Arrigo, o Stravinski da vanguarda

São Paulo – Da mesma forma que o compositor russo Stravinski revolucionou a música erudita no começo do século passado com A Sagração da Primavera, ao explorar novas possibilidades rítmicas e fundir seu conhecimento com o da cultura popular, o londrinense Arrigo Barnabé – que se apresenta com a banda Suave Veneno no final de semana, na festa dos 450 anos de São Paulo – indica ser a pluralidade musical o caminho que as novas gerações devem seguir.

Em seu melhor trabalho, a Missa in-Memorian Arthur Bispo do Rosário, gravada para acompanhar a mostra dedicada ao artista plástico no Centro Cultural Banco do Brasil, no ano passado, Arrigo faz uma síntese da música litúrgica no Brasil e no mundo, de Bach a György Ligeti, passando pelo padre José Maurício e Messiaen.

O desafio de compor uma missa para um artista que passou sua vida internado numa instituição psiquiátrica não está apenas na atualização do gênero à religiosidade contemporânea. Bispo do Rosário foi um artista de definição complexa. Mesmo “ausente” do mundo, antecipou todas as questões do nouveau realisme francês dos anos 60, sem jamais ter ouvido falar de Pierre Restany e sua turma.

O ex-marinheiro, que um dia teve uma visão de anjos anunciadores e foi parar no hospício, tinha a mesma obsessão colecionista dos novos realistas franceses, que incorporavam objetos do cotidiano a seus trabalhos. Bispo também enfileirava talheres, copos e pares de sapatos. Gastou anos confeccionando um manto que pretendia usar no dia da apresentação ao Senhor. Foi enterrado sem ele.

Arrigo traduz na missa o drama de uma vida dedicada ao mundo celestial por um religioso obsessivo. Não há coros jubilosos nem exaltação messiânica na obra. Discreta, a missa segue acentuando o profundo pesar da existência de um ser alienado e morto socialmente, como Bispo do Rosário.

Começa com um Kyrie longo que parece dividido em três partes, como se Arrigo tentasse interpretar musicalmente o enigma da Trindade por meio de vozes femininas, masculinas e percussão sinfônica. Um tema descendente, marcado pela voz do baixo Flávio Alberto Borges, aproxima o Gloria da harmonia neoclássica e da esfera de influência de Webern, o que não torna a música do brasileiro menos característica. Ao contrário.
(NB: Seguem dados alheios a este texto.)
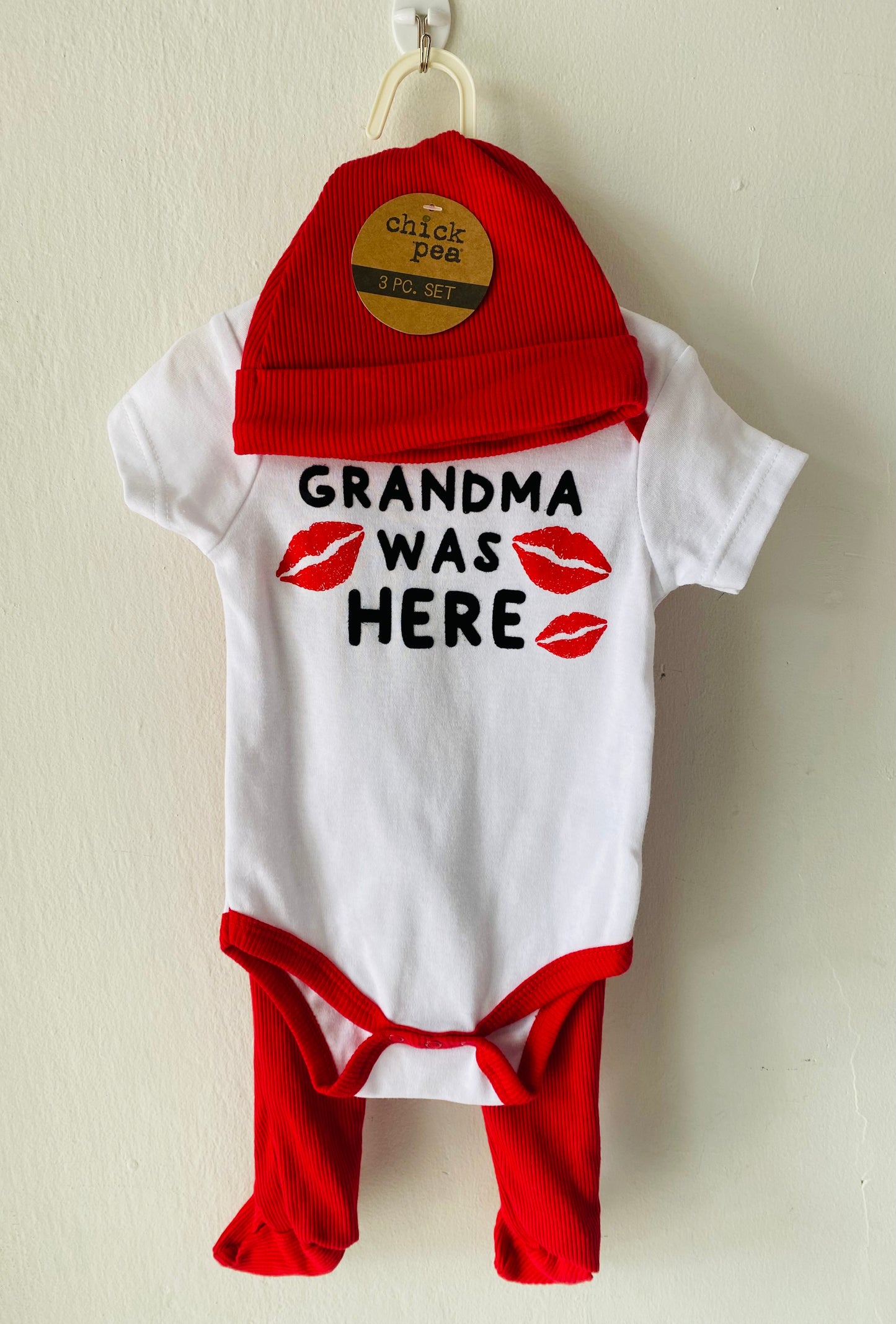 set 3 piezas bebe chick pea Grandma mameluco gorro pantalon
O músico curva-se à tradição sem desfocar a questão contemporânea da multidisciplinaridade.

A obsessão de Bispo pela repetição serialista é marcada pela construção de uma idéia rítmica que fica mais clara em Sanctus, trecho mais tocante dessa missa, “summa” musical de Arrigo em que se destaca o solo da soprano Viviana Casagrande. Com ela, a geração do Lira atinge o estado de graça.